I'm grimly amused, but not optimistic.
I'd heard rumors like this before, but they were B&N acquiring Borders, and they foundered on the question "Where would B&N get the money?" B&N isn't exactly healthy, and Borders is in worse shape. Normal lenders for such efforts wouldn't be very interested. The usual answer to "Can two sick companies make a healthy one?" is No.
The fact that a hedge fund is interested in working with Borders doesn't fill me with enthusiasm. The folks in places like that are numbers guys. The look for assets they think are undervalued, scoop them up, and attempt to make them more valuable, hoping to make a killing selling their holdings bought at distressed prices at much higher prices when the stock rebounds. (Of course, the stock has to rebound for this to work...)

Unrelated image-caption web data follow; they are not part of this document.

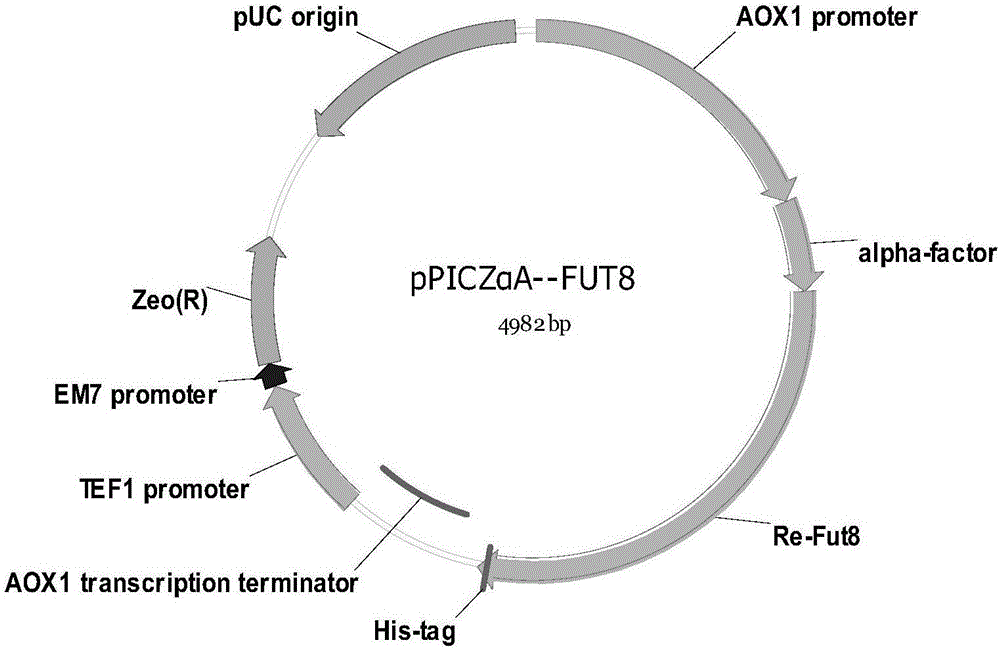 Method for secreting and producing human-derived core fucose-base transferases by aid of pichia pastoris expression systems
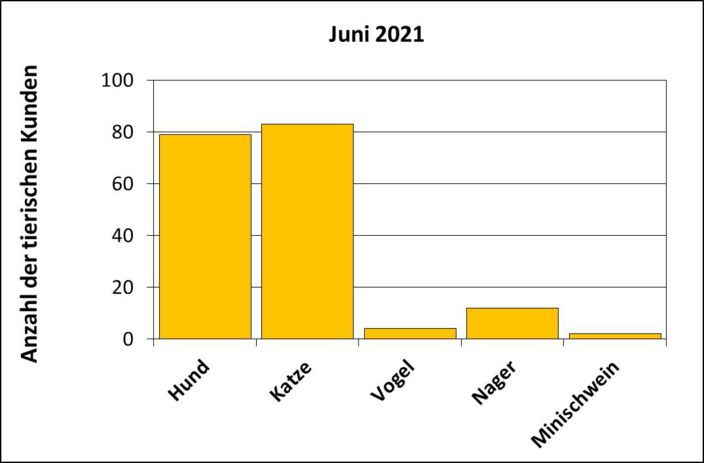 Statistik |Juni 2021 - Anzahl der tierischen Kunden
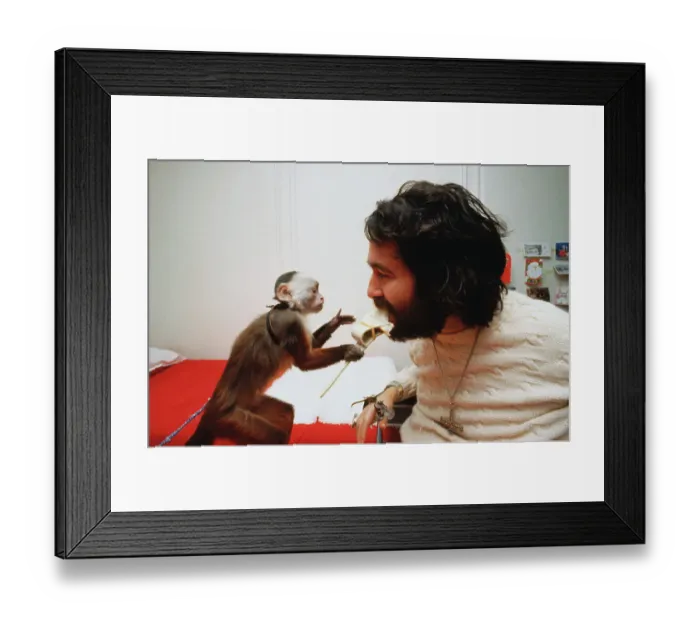 Framed Print : Monkey Feeding Paralyzed Man Framed Print : Monkey Feeding Paralyzed Man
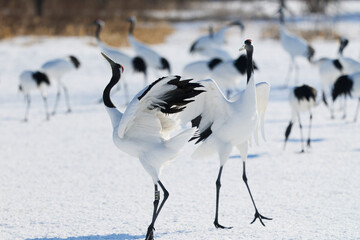 Fototapeta premium 鶴のダンス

The usual turn around strategy is massive cost cuts: combine back office operations and eliminate redundant staff, close stores seen as under performing with attendant layoffs, and generally try to create a leaner, lower cost operation.
The problem in tis case is that it won't address the underlying structural problems in the industry that put the companies in this position. Sales of printed books have been dropping steadily, and current levels aren't enough to support the existing retail infrastructure. The problem is exacerbated by competition from discount retailers like Walmart, and "warehouse stores" like CostCo and Sam's Club, and breathing down everybody's neck, Amazon.
I really don't see a happy ending here.